In any case, that’s not what the focus of this particular article is. Many of our customers have asked how Lucene works “out-of-the-box”. It’s a very vague question and difficult to provide a simple answer, so I thought I would dig a little deeper and provide some insight on how Lucene indexes content and how it evaluates those documents when a search is performed. Note that the Lucene provider you get with Sitecore is not customized in any way; it’s plain old Lucene. Sitecore has simply wrapped it in their Content Search API.
Lucene uses a variant of the TF (term frequency) and IDF (inverse document frequency) algorithm for search. The detailed documentation about that can be found here, if you are interested: https://lucene.apache.org/core/6_6_0/core/org/apache/lucene/search/similarities/TFIDFSimilarity.html
For all the examples below, please assume that we are performing an exact search with matches on a single field in Lucene’s index.
At the highest level, TF means that Lucene ranks documents higher if the occurrences of the search term are greater in that document. E.g., if two documents are returned for “Energy”, the one that has more occurrences of “Energy” in the content being searched will be ranked higher.

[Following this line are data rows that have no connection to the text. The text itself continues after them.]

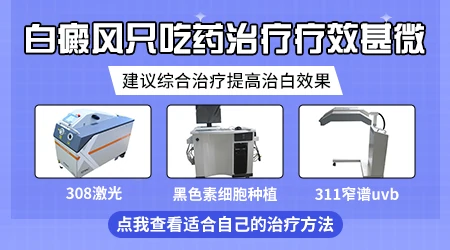 白癜风只吃药和抹药能好吗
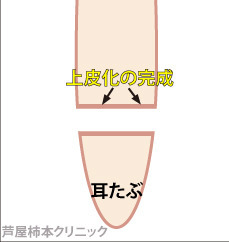 上皮化.jpg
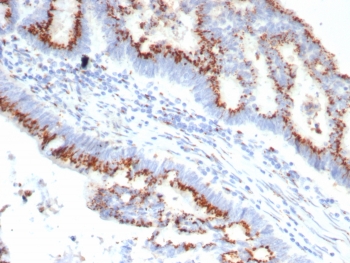 IHC staining of FFPE human colon carcinoma tissue with OVOL2 antibody (clone OVOL2/6776). HIER: boil tissue sections in pH 9 10mM Tris with 1mM EDTA for 20 min and allow to cool before testing.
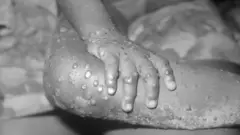 Picture wey show person wey monkey pox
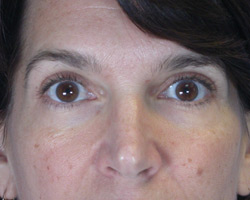 Eyelid Surgery before and after photo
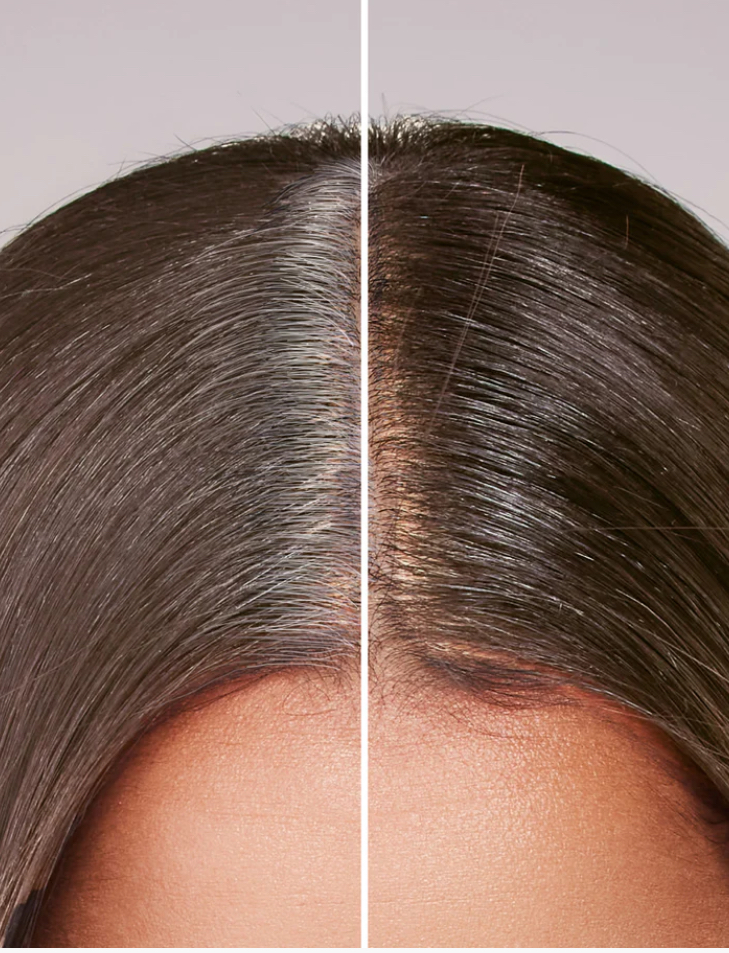 Root Touch Up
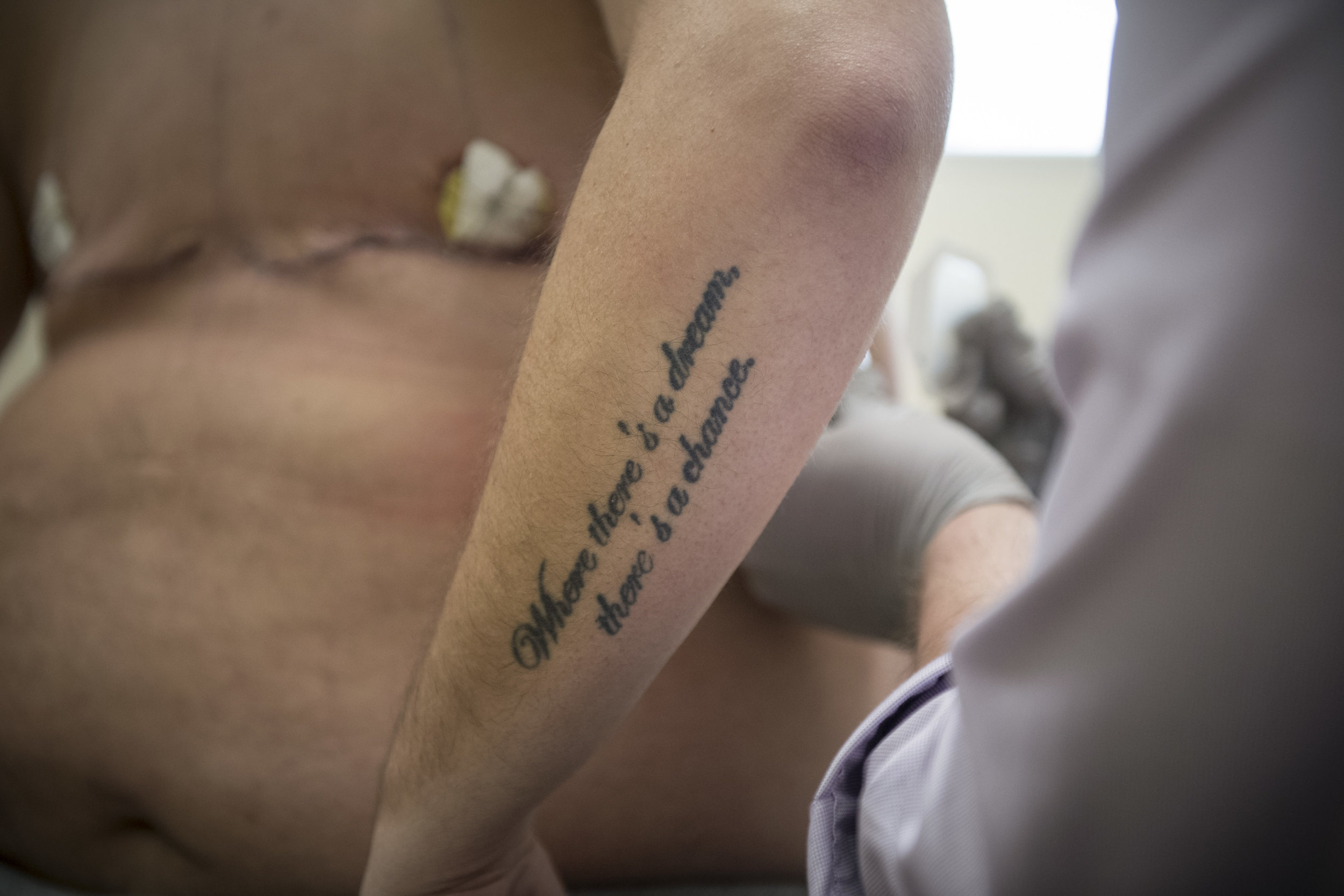  A tattoo on Beau’s arm reads "where there's a dream, there's a chance." 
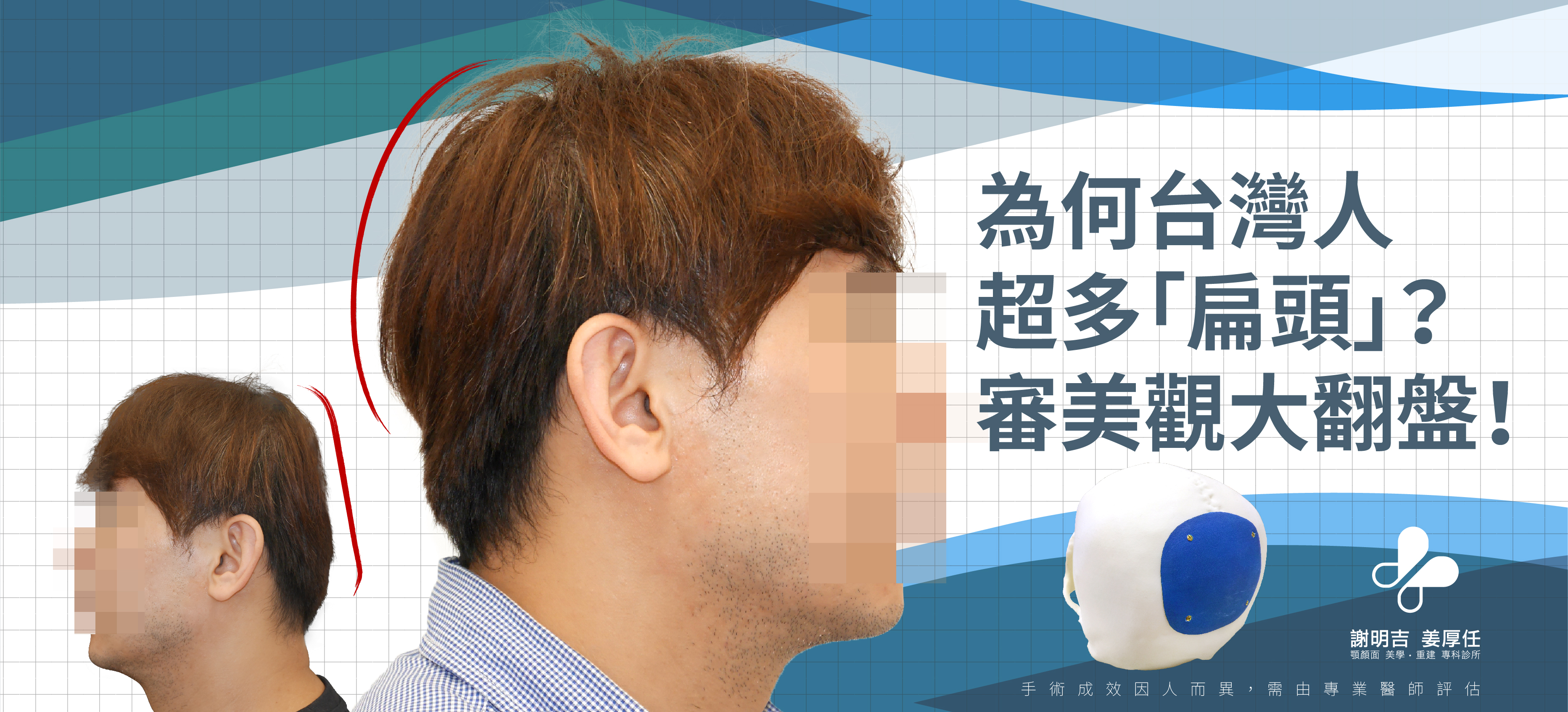 Why do so many Taiwanese people have "flat heads"? Aesthetic makeover!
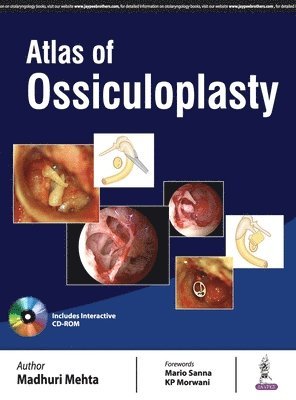 bokomslag Atlas of Ossiculoplasty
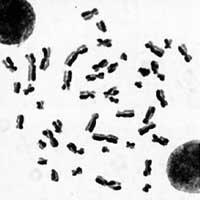 Chromosomes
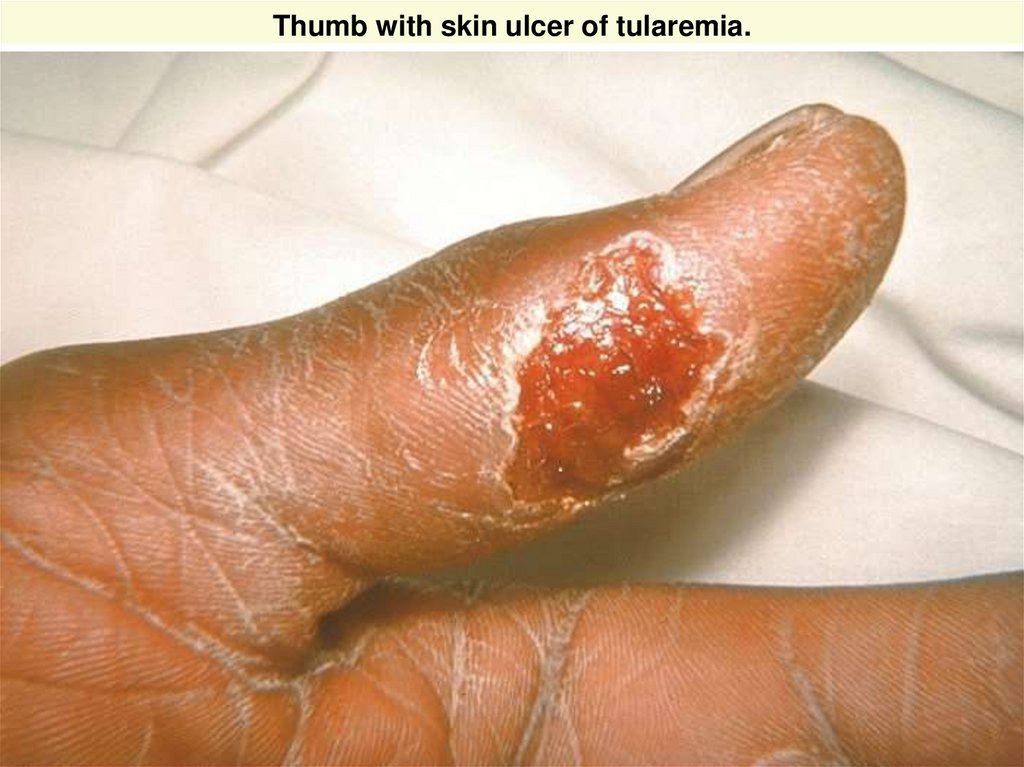 Thumb with skin ulcer of tularemia.
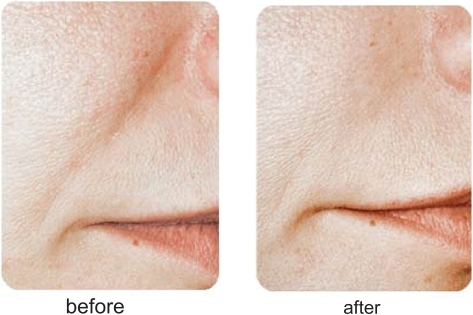 Figure 7 A clinical example of the use of Puragen™ for nasolabial folds.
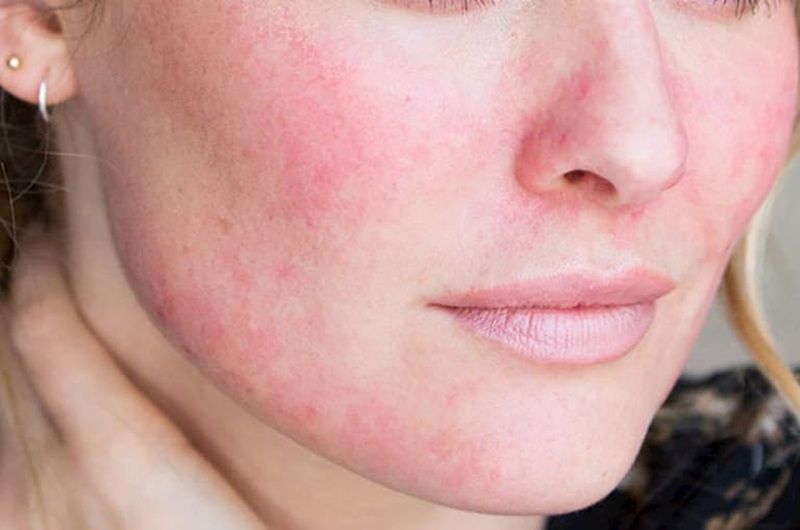Da có cảm giác ngứa, đỏ, sưng, bỏng rát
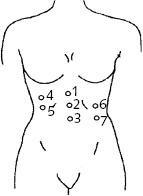 Иллюстрация к книге — Китайский императорский массаж. Лечение 100 болезней с помощью банок. Большой атлас зон исцеления [_10.jpg]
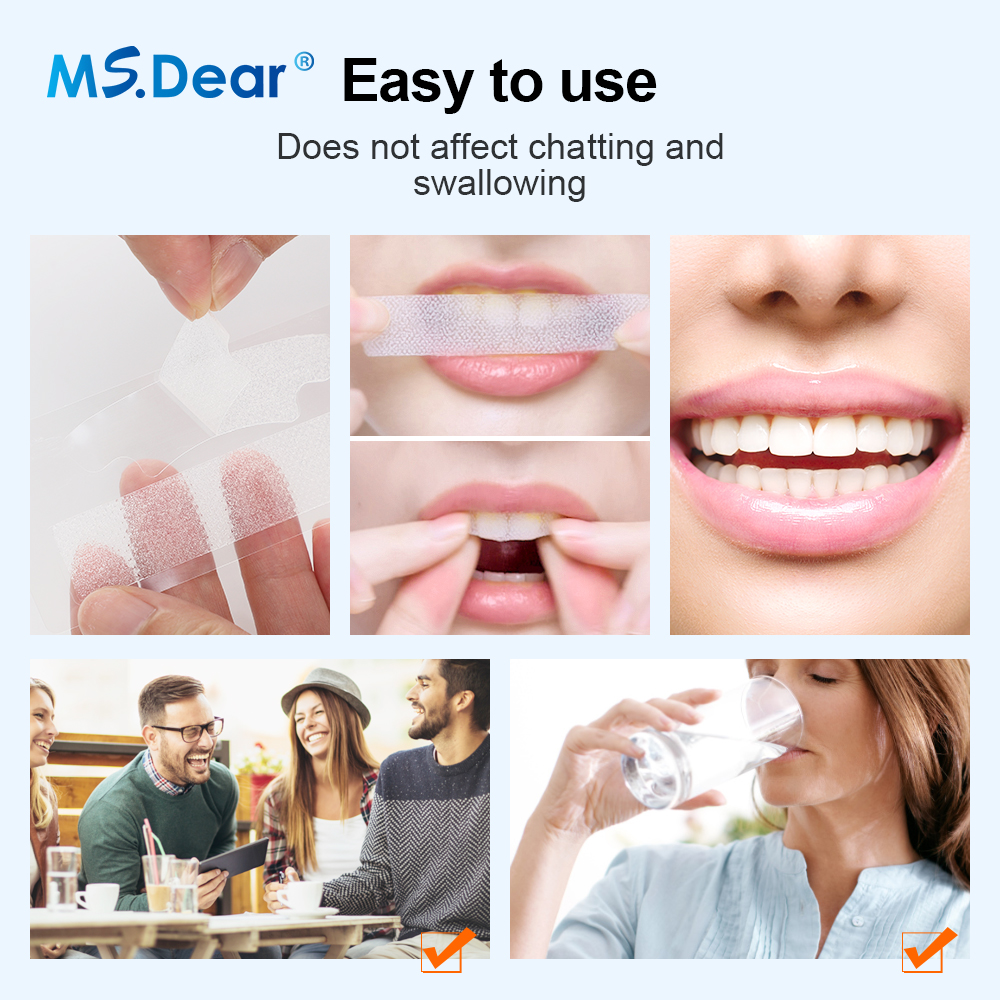 Teeth Whitening Strips Cleansi - Teeth Whitening Near Me review and price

IDF means that Lucene will score documents lower the greater the number of occurrences of the search term are across the entire index (the idea is that common terms are less important than uncommon ones). This applies mainly to multiple search terms. Example: when searching for “Energy Savings”, if “Energy” is more common amongst all documents in the index, but “Savings” is not, “Energy” documents will be deprioritized, and “Savings” ones will be prioritized.
In addition to the above TF + IDF, Lucene also implements additional logic of its own for prioritization. Specifically, when multiple terms are used, documents that contain more of each term are ranked higher than those that contain less of each term. Also, terms that exists in a document with fewer terms overall are prioritized over those that have more terms overall.
After all of the above evaluation is done, any additional index and query time boosting is finally considered to prioritize and deprioritize documents further.